Overnight soak beans in water

1 tsp salt
5 cups water

Drain and rinse the beans. Add beans, salt and water to the large pot, bring to boil, reduce the heat to low and cook for 1 hour.

Yields: 2 and 1/2 cups cooked beans


1/4 cup olive oil
1 cup yellow onion, chopped
1 tsp garlic cloves, chopped

Heat oil in a pan, add onion, garlic, saute for 3 minutes in medium flame.


1/2 large eggplant, chopped (2 and 1/2 cups chopped)
1/2 tsp dry thyme

Add eggplant, thyme, mix well, cook for about 3 minutes, stir occasionally.


1 red bell pepper, chopped (1 and 1/4 cups chopped)
1 large zucchini, chopped ( 1 and 1/2 cups chopped)
1 large yellow squash, chopped ( 1 and 1/2 cups chopped)

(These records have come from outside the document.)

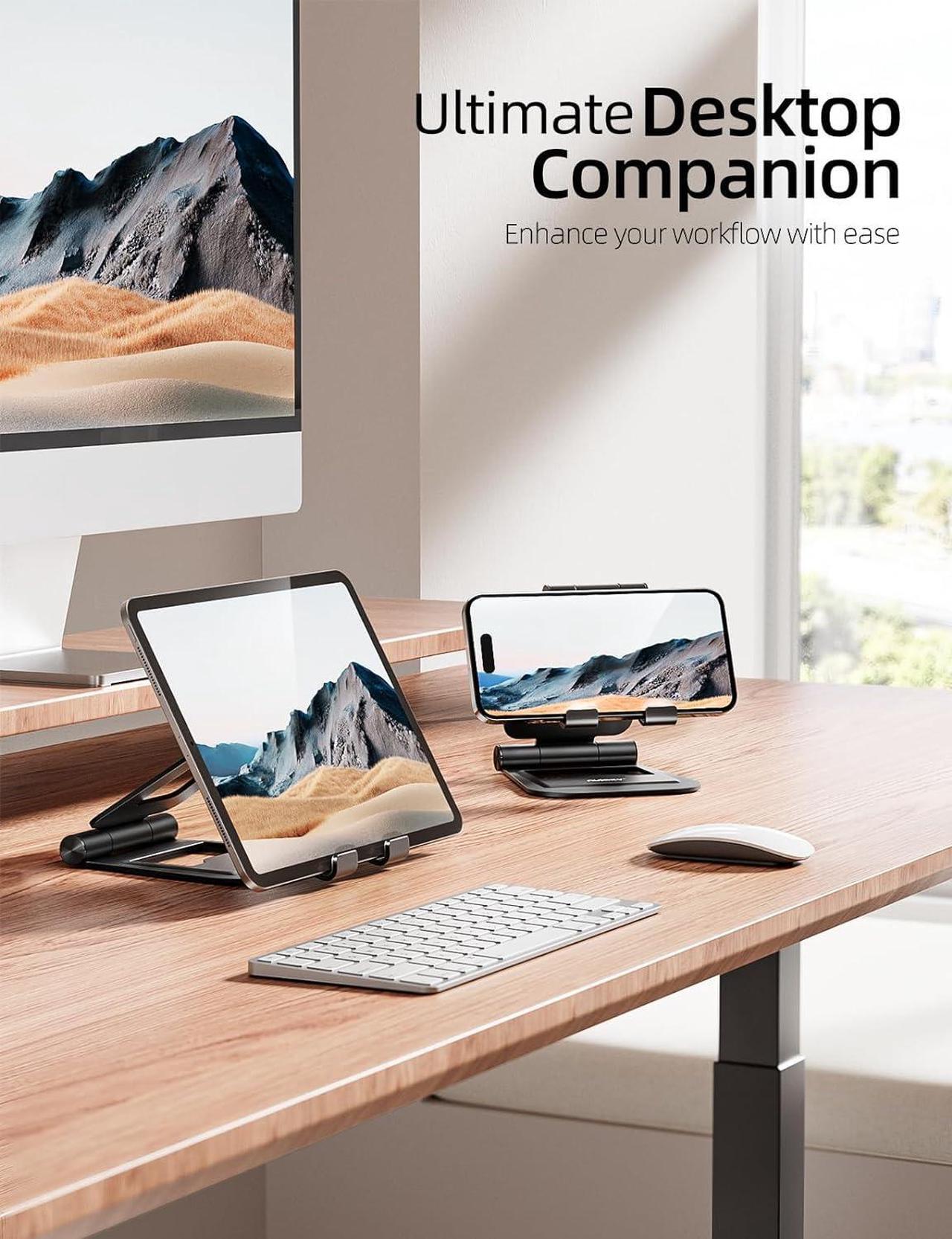 Alt view image 4 of 6 - Dual Foldable iPad Stand Fully Adjustable Desktop Tablet Holder iPad Accessories for Office Kindle Compatible with 4-11 Mobile Devices iPad Pro/Air/Mini iPhone Pro/Max/Plus Nexus Black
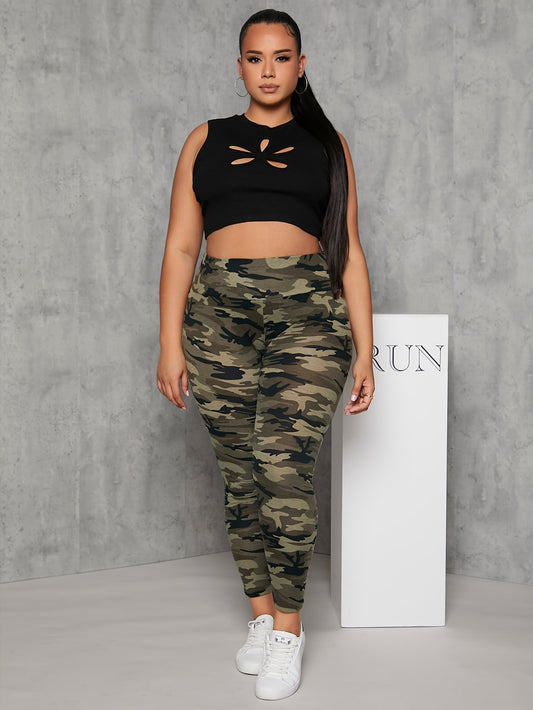 SXY Plus Camo Print Wideband Waist Leggings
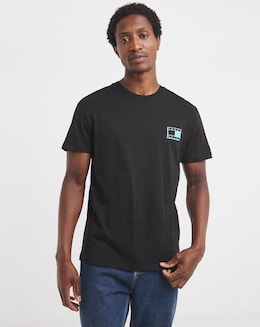 Tommy Jeans Short Sleeve Slim Neon Flag T-Shirt - Black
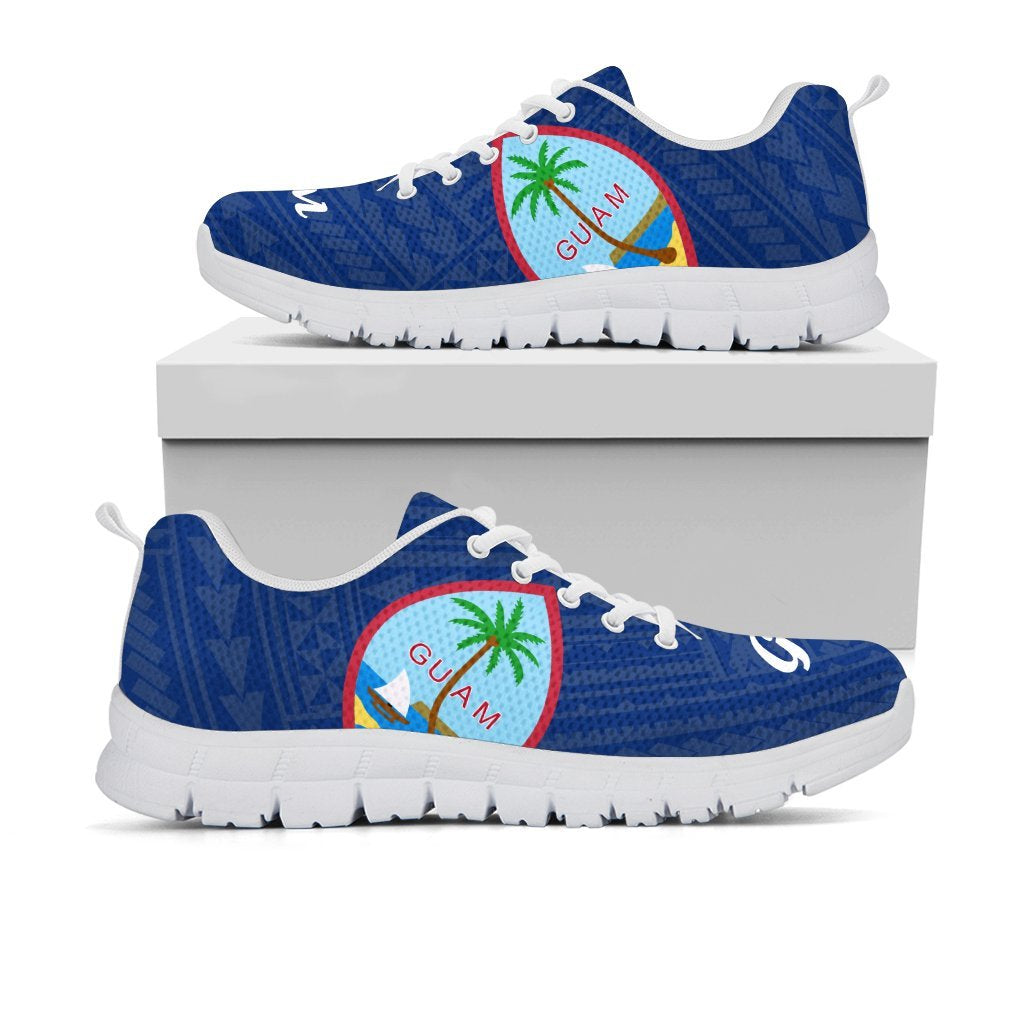 Guam Sneakers - Guam Flag Coat Of Arms Blue - A5 - Polynesian Pride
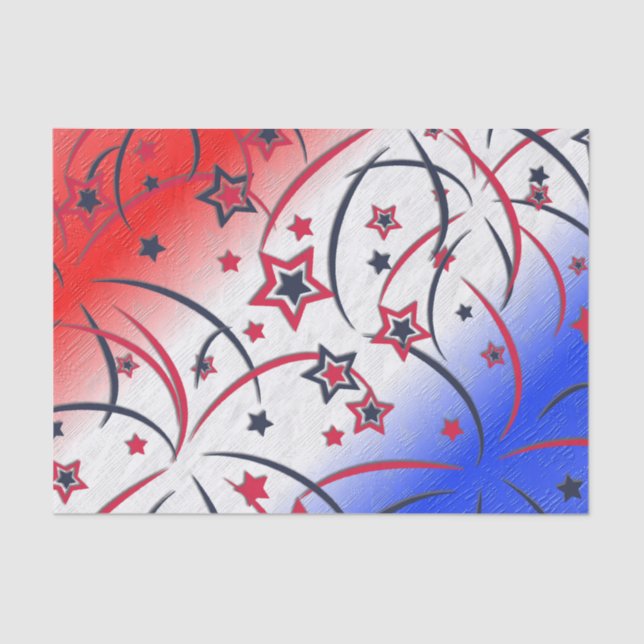 Fireworks on Red White Blue Tissue Paper (Front)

Add bell pepper, zucchini, squash and cook for another 5 minutes.


1 pound tomato, chopped
2 tbsp fresh basil, chopped
2 and 1/2 cups cooked cannellini beans
2 cups vegetable stock
1 tbsp lemon juice
1 tsp salt
1 tsp black pepper powder

Add tomato, basil,  cooked beans, stock, lemon juice, salt and black pepper powder, cover with lid, allow it to boil. Reduce heat to medium and cook for 10 minutes.

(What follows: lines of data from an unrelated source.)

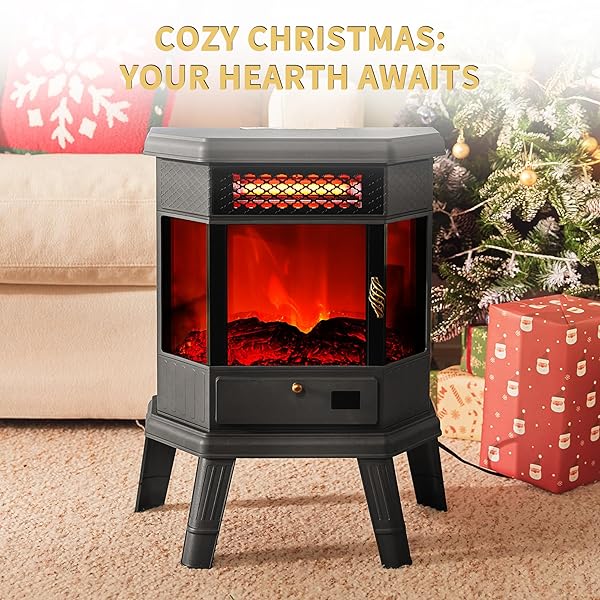 REALSMART ELECTRIC FIREPLACE HEATER 22 IN FREESTANDING FIREPLACE STOVE INFRARED FIREPLACE WITH 3D FLAME EFFECT REMOTE CONTROL, TIMER, OVERHEATING PROTECTION HEATER FOR INDOOR USE BROWN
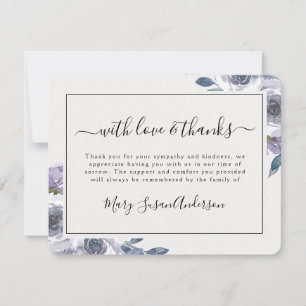 Elegant Floral Funeral Memorial Thank You Note Card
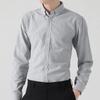 Men's Light Blue Striped Long Sleeve Shirt Casual Button-Down Cotton Blend Business Shirt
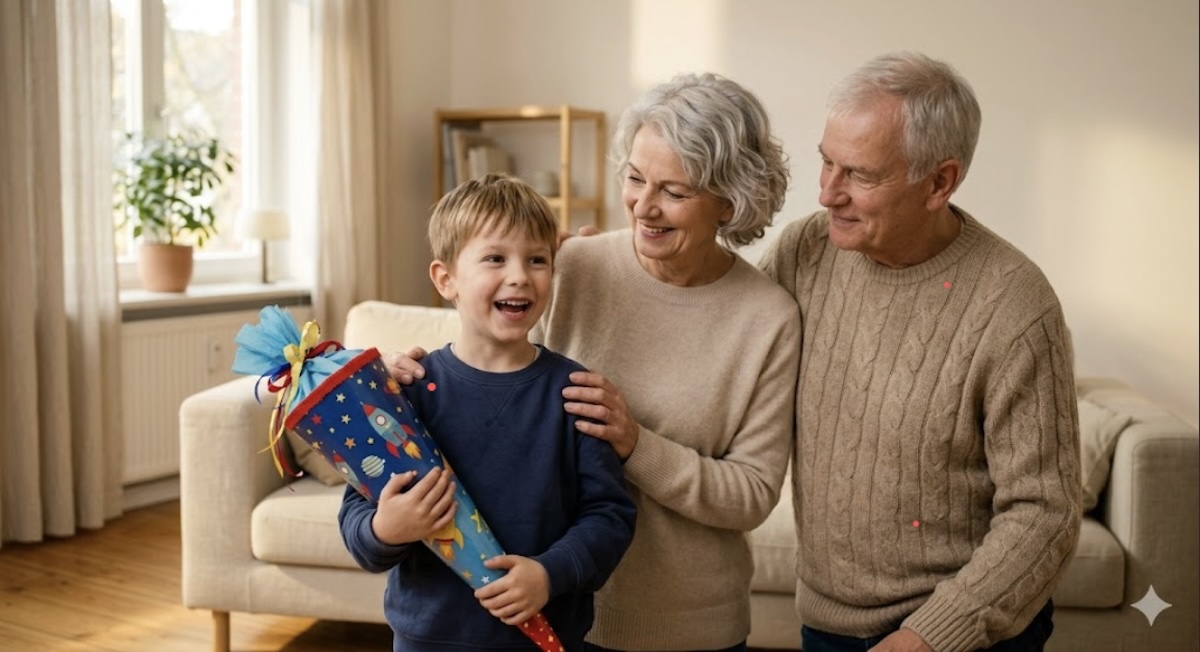 Junge mit Schultüte freut sich mit Oma und Opa über die Einschulung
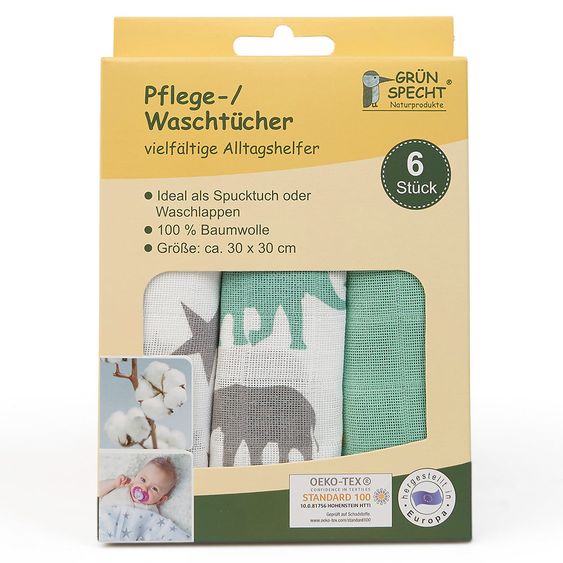 Grünspecht Pflegetuch 6er Pack 30 x 30 cm - Grün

Remove the mixture from the heat and allow to cool to room temperature, about 30 minutes to an hour. To accelerate this process, transfer the pot to the refrigerator for 10 to 20 minutes.

Once cool, add all ingredients to the SouperBlast Pitcher and extract for a minute.


Source: Nature's Prescription For Optimum Health from Nutri Bullet Rx
Yields: 8 cups
Taste Note: Tastes AWESOME
Note:

  1. Original recipe asked to puree 2/3 and mix with the remaining 1/3. Since I am on liquid diet, i pureed everything, I like watery soup much better than creamy soup. I think I would love the watery version, but I haven't tasted that yet.
  2. You can omit the onion and garlic in this and you won't miss anything with the taste.

Instant Pot Channa Dal Veggie Soup

Serves: 4

1 tbsp oil
1 cup onion, chopped


1 tbsp garlic, chopped
1 tsp ginger, grated

Press saute in instant pot.

Let the pot get hot for 2 minutes.

Add oil and spread using a spatula. Add onion and saute for 5 minutes, add garlic and ginger and saute for a minute.

1 tsp cumin powder
1 tsp coriander powder
1/2 tsp turmeric powder
1/2 tsp cayenne powder
1/4 tsp garam masala
2 and 1/4 tsp salt

Add the spices and cook for a minute.

1 pound tomato, pureed
5 cups vegetables, chopped


Add pureed tomato and bring to a boil. Add the veggies and mix in.

1 cup channa dal, washed and drained
4 cups water

Add drained channa dal and water to instant pot.

Close the lid, put the knob on sealing.

Cook on Manual for 10 minutes at High Pressure. Let the pressure release naturally.

6 ounces TJ spinach, chopped

Add spinach mix well, leave it for 3 minutes.

Serve as a soup over rice.


Taste Note: Tastes AWESOME
Source: veganricha
Note: To eat this as a thick soup, use vitamix to puree this into smooth thick soup, no need to add any water. I did this 2 batches. I made this soup with no onion and no garlic and I didn't miss anything with the taste.